Reports in the home-ownership rate for African-Americans show an increasing number are becoming homeowners, with the homeownership rate for black households jumping 3.4 percentage points over the second half of 2019, bringing it from a three-decade low to back near historic averages. 

The Washington region is among those leading the pack.

The black home-ownership rate has experienced its share of ups and downs in the past half-century – gains during the last half of the 20th century, then an outsized drop during the mid-2000s housing bust before recent signs of a bounceback.

The rate of homeownership for black households rose from 41.6 percent in 1970 to a peak of 46.5 percent in 2007. But homeowners of color were hit the hardest during the recession, and, by 2016, the black homeownership rate had plummeted all the way below 1970 levels.

2019, 44 percent of black households owned their home, an increase from lows hit during 2016 but still below the 2007 peak.

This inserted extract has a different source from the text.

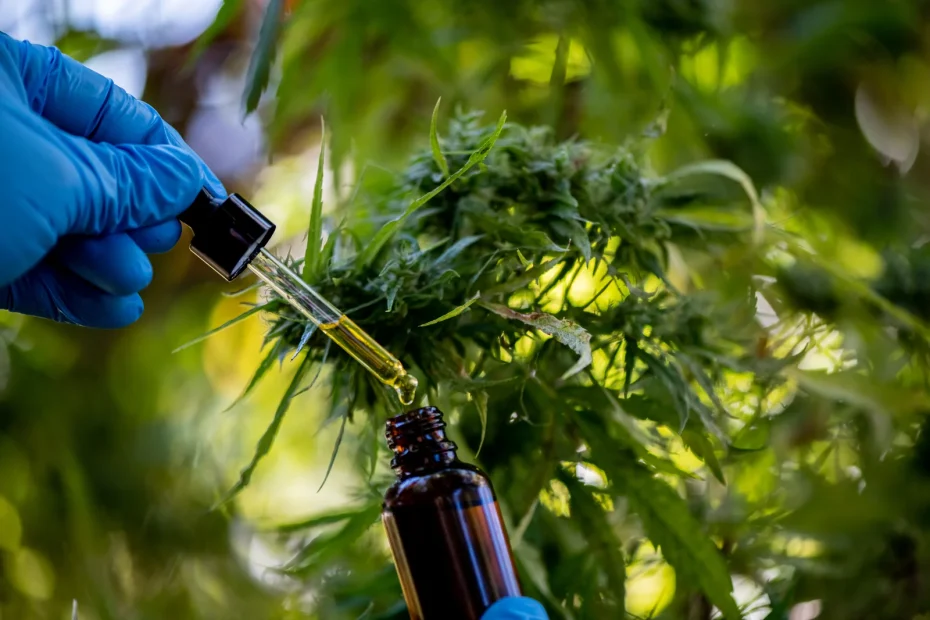 Blue-gloved hand holding a dropper above a live hemp plant with a brown bottle below, illustrating the extraction process of natural cannabis extracts.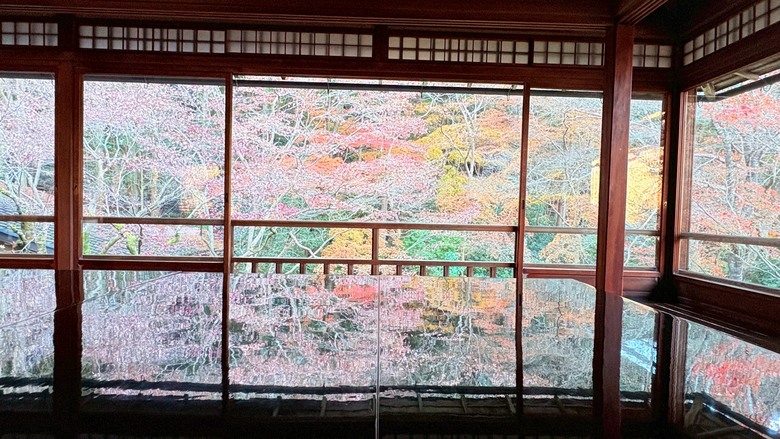 12月京都紅葉名所散策 照片 138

Across the U.S., the black home-ownership rate lags behind that of non-black households in each of the 45 large metros included in this analysis, but it now sits above its mid-decade average in more than half. This rate has grown the most since mid-decade in Sacramento (+7.8 percentage points), Phoenix (+5.4) and Orlando (+5.3) .

And in some cases, the rate of growth in the black home-ownership rate has exceeded that of all other households since mid-decade, meaning the deficit is shrinking. Black households have closed the gap the most in Sacramento (6.5 percentage points closer), Orlando (4.1) and Cincinnati (3.2).

The large metros with the highest black homeownership rates are Birmingham (52.2 percent), Washington D.C. (51.4 percent), Richmond (49.9 percent) and Atlanta (48.2 percent).